With the abovementioned book and manifestoes, Annemans confirms his status of ideological trailblazer. He sees Vlaams Belang as a hotbed of new political viewpoints, even as a social avant-garde. This innovative ambitions also resound in his most recent publication "1914–2014: Van loopgraven tot republiek" (1914–2014: From trench to republic). According to Annemans, the book should not be considered as a political testament, but rather as a 'helicopter perspective' of Flanders' past and the challenges the Vlaams Belang ought to deal with in the twenty-first century. As director of the Vlaams Belang political research department, and afterwards as party chairman, he carried the final responsibility for several election programmes as well as the texts and brochures for ideological congresses and colloquiums. In total, Annemans wrote ten books on republican, ethical and security matters.

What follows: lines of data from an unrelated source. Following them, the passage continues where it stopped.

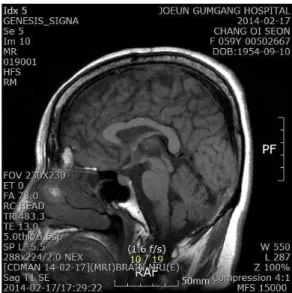 Fig. 1. Brain MRI of a patient.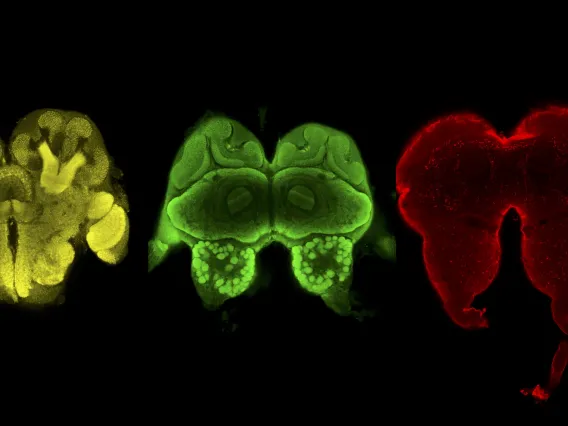 Imaging of ant brains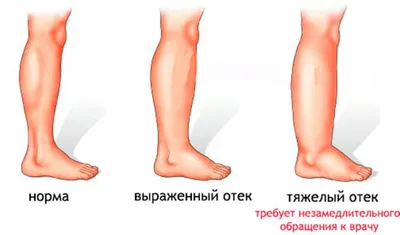 Лимфостаз — симптомы, причины и методы лечения болезни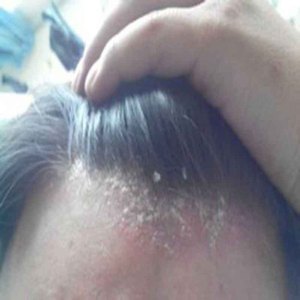 治疗头藓银屑病头皮癣藓真菌感染毛囊炎头皮藓头部专用药膏洗发水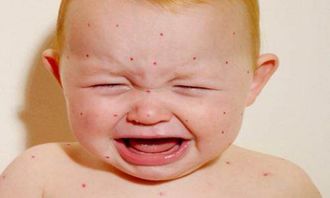 宝宝湿疹是怎么引起的？湿疹是怎么引起的原因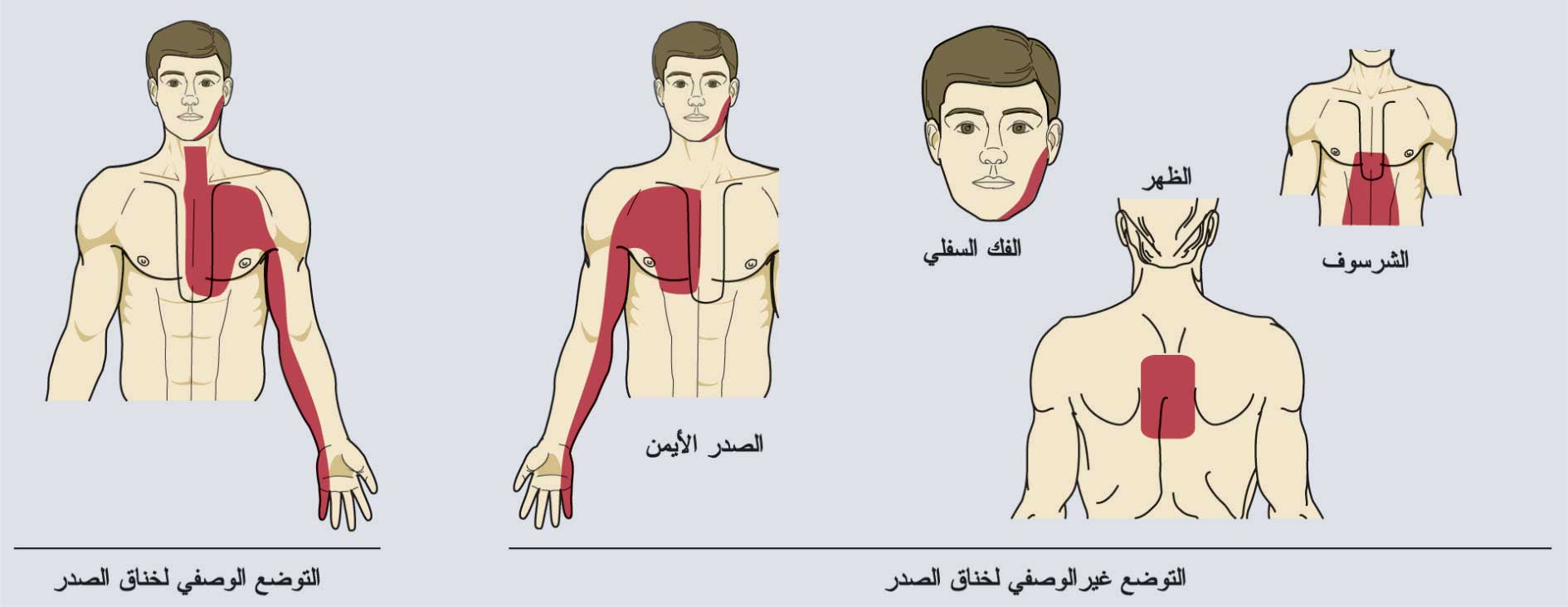 الم بين الثديين - اوجاع مختلفه بين الثديين و اسبابها 705 4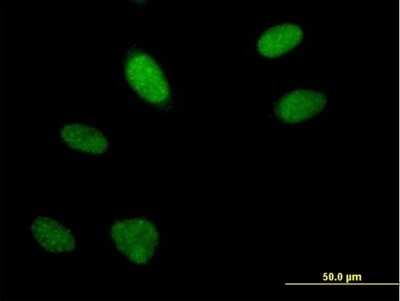 Immunocytochemistry/ Immunofluorescence: FLJ10154 Antibody [H00055082-B01P]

Many times he had been alleged to be co-author of the widely despised 70-point plan (Belgium) to stop immigration, though this isn't correct. On the other hand, Annemans has a clear-cut vision on immigration and always insisted on the importance of an elaborate migration chapter in the VB platform. However, his adversaries have created the wrong impression that the Vlaams Blok/Belang repeatedly attempted to launch policy plans based on the 70-point plan. In fact, the plan has been eliminated by the party board many years back.
On 16 December 2012 Annemans was elected chairman of the Vlaams Belang. He succeeded Bruno Valkeniers after an unsatisfactory electoral result. The party had lost over two third of its electorate in its traditional stronghold Antwerp. Annemans' chairmanship was confirmed in a secret ballot by a large majority of 92% of party members. The fresh VB foreman championed a strict migration policy and a revision of EU cooperation, but, above all, voiced more than ever the demand for an independent Flanders.
On 25 May 2014 he was the leading candidate of Vlaams Belang for the European Parliament and was elected as the sole MEP of his party. That day the party suffered a serious defeat, not only at the EU elections, but also in the regional and federal elections. Already on the day after, Annemans announced his retreat and an early chairmanship election in October 2014.
Gerolf Annemans is married and has three children.